Damian Harvey said...

The thought that writers should know, write, or plan what happens in sequence is something that stopped me writing when I was younger - and I know it's something that causes problems for many school children when they write.

It was a great relief to me when I later discovered that many 'real' writers don't actually know what's going to happen when they start writing a story.

Sometimes I feel it's like doing a jigsaw when you don't even have the box lid as a guide. (Not that you really wanted another metaphor of course)

Gillian Philip said...

Great post, Joan, and I agree with Damian. I put off writing novels for years because I couldn't 'think of a plot'. As soon as I just sat down and started writing, it clicked - I didn't have to know what happened in the end because my characters would find out. (Within reason...)

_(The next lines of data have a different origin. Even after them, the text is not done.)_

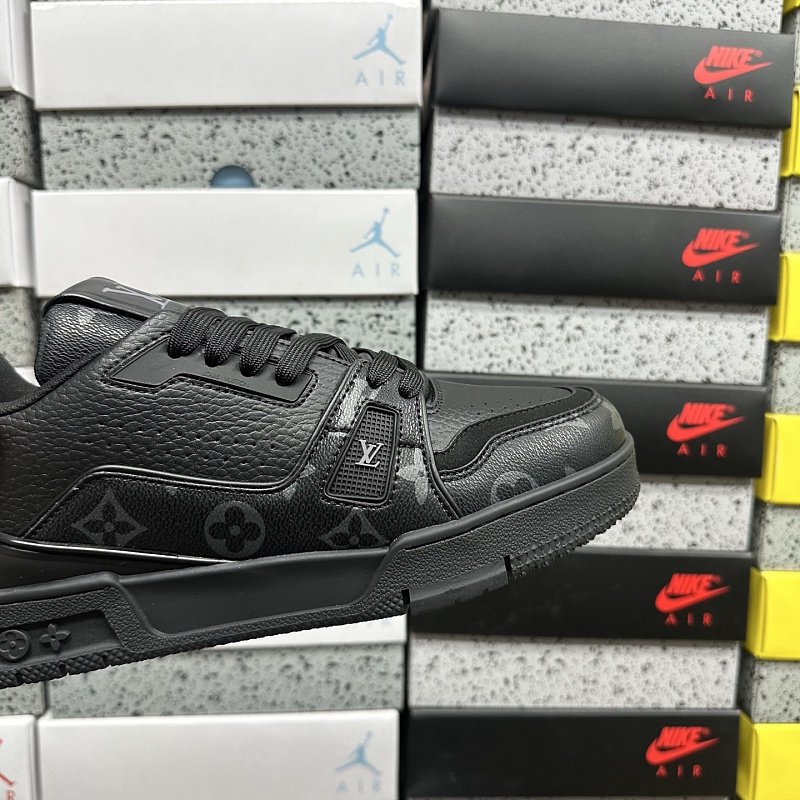 Trainer · 6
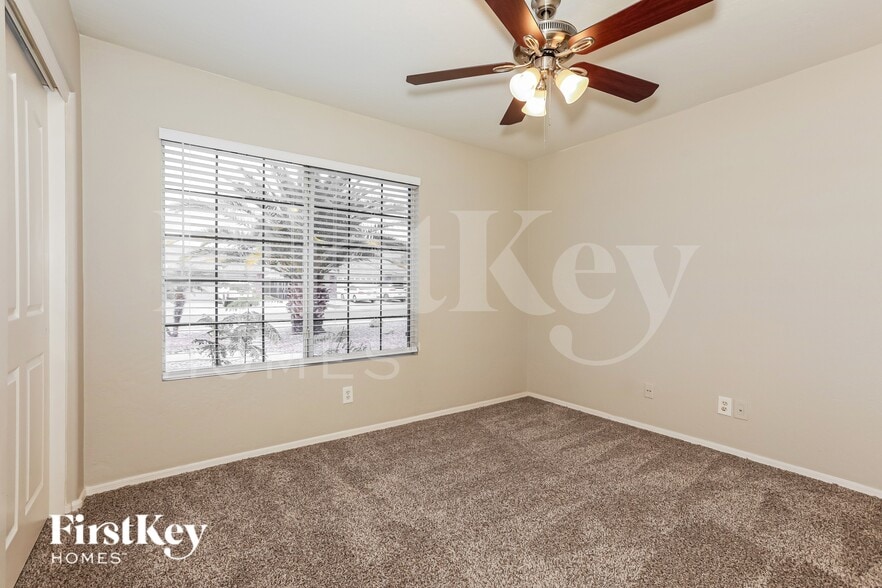 Building Photo - 3645 E Shapinsay Dr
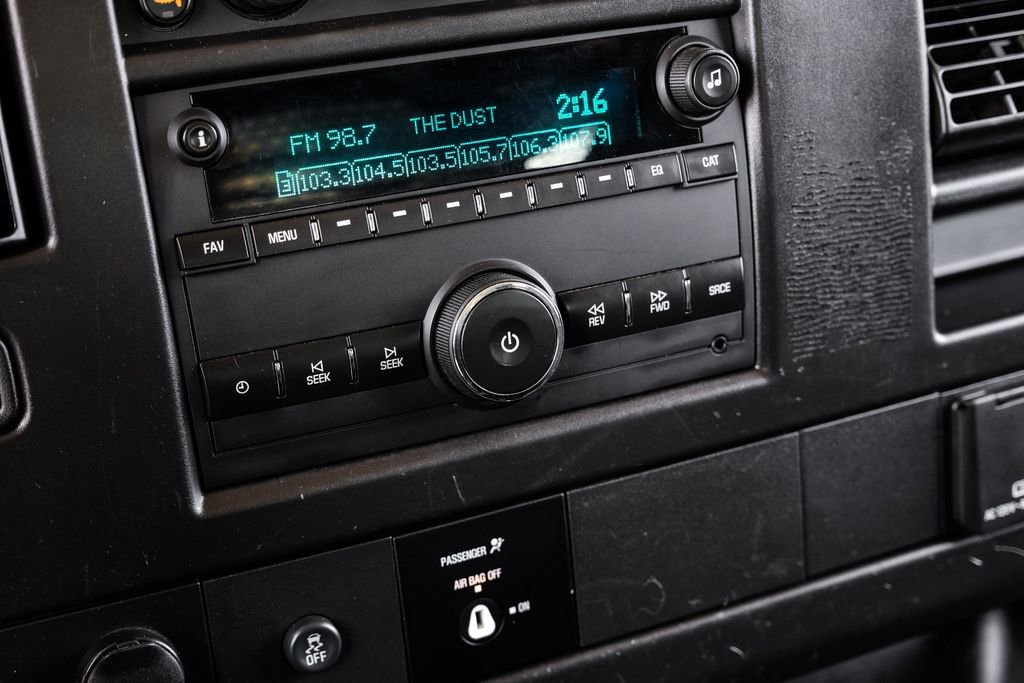 Used 2021 GMC Savana 2500 w/ Driver Convenience Package image 19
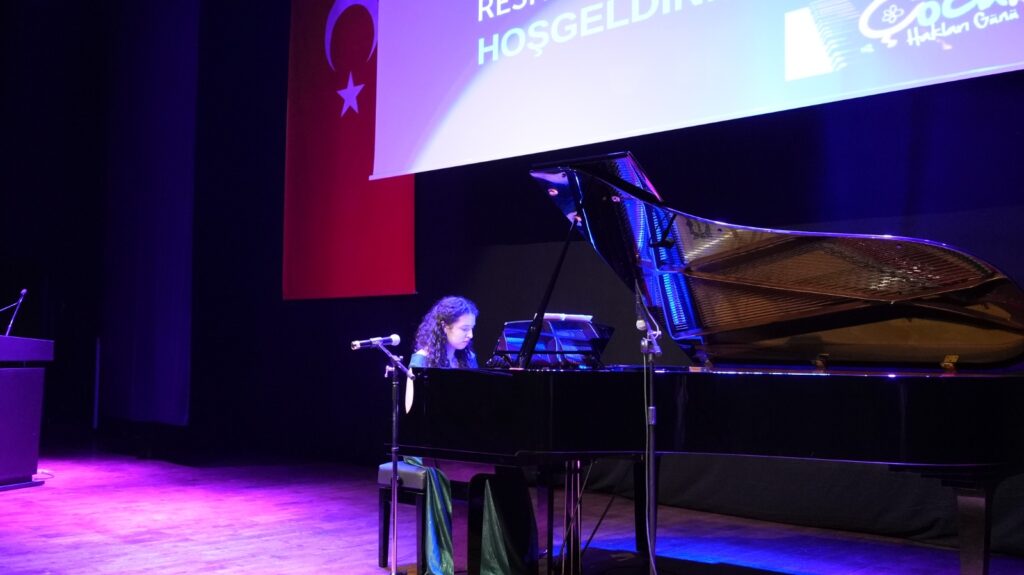ŞEHİTKÂMİL’DEN DÜNYA ÇOCUK HAKLARI GÜNÜ’NE ÖZEL KONSER
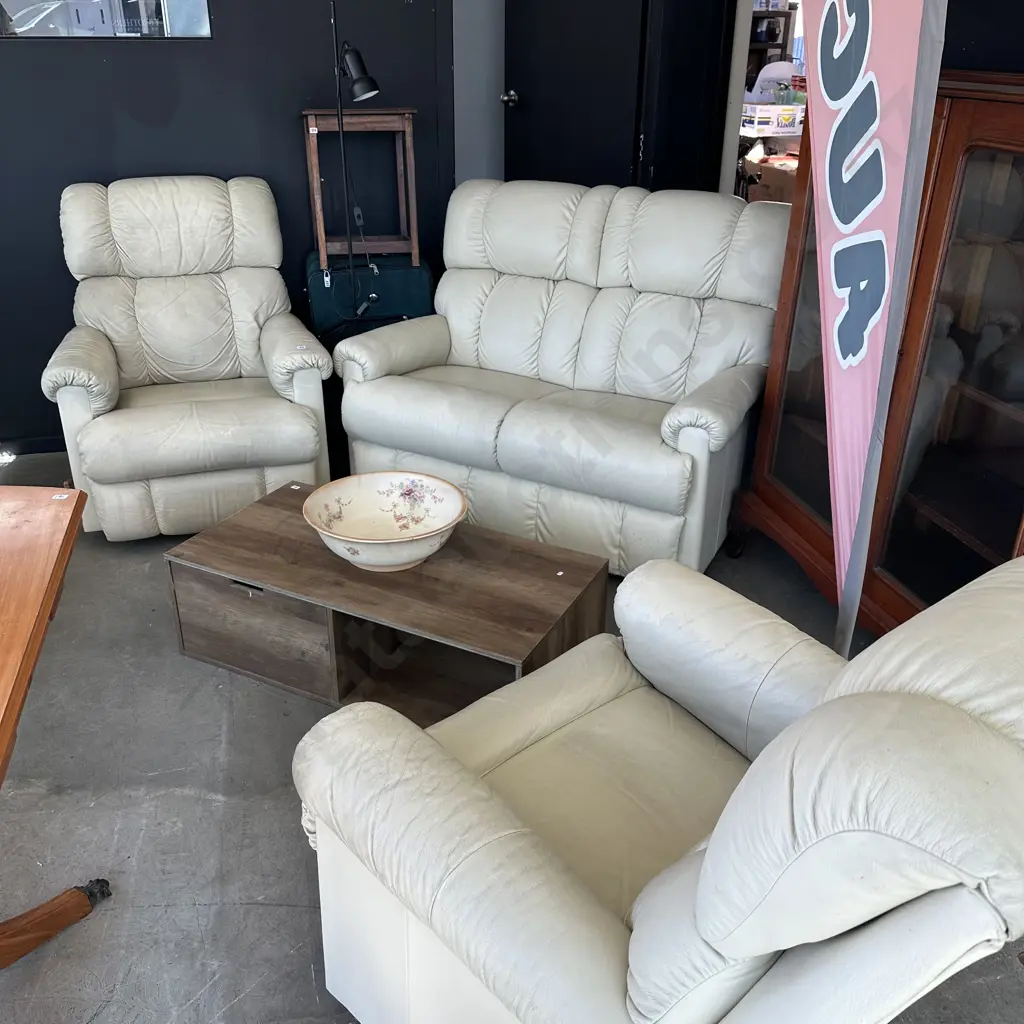Leather La-Z-Boy suite (average) Image 1++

I think it's intimidating for children to be told they have to 'plan their story'. I know some professional writers do, but an awful lot don't. In schools I make a point of saying they can just sit down and start telling a story - see where it goes. (I've had a few coughs from teachers but nobody's shot me yet...)

Nick Green said...

I'm the opposite to Damian and Gillian - non-planning, to me, is actually unimaginable. I can't even conceive of an unplanned story. How can you tell a story when you don't know what that story is? How can you say, 'Sit down, and I'll tell you what happened' when you don't know yourself? Granted, the details, I work out along the way. Sometimes a tangent will surprise me. But I always know the basic route. And I have no idea how you guys manage to do it otherwise. It's a complete mystery to me.

catdownunder said...

I kept thinking I had to have the plot all planned out too and then the late Judith Wright (poet here in Australia) said to me, "For God's sake Cat, just sit down and write! If it happens, it happens. If it doesn't happen go away and try something else. The thing is to write." I just wish she had given me that advice when I was kitten.

Anne Rooney said...

I'm with Gillian and Damien - I have a first scene, or a germ of an idea, or sometimes a title, and then the words come and tell me what's going to happen.

I find calls for stories (for anthologies or series) really hard as I can't say what will happen until I've written the thing! I usually end up writing the whole story and then extracting a 'plan' for the editor.

Lee said...

I'm also more of a plan-as-you-write sort, which of course necessitates lots of rewriting later on. I've often tried to figure out why I can't map out a plot in advance, and I've come to believe it has something to do with being so sentence-oriented: the struggle to find the right word, but especially the right music, often gives rise to an image or cluster of images which suggests a (sometimes new) direction ...

The word comes before the story - at least in my case.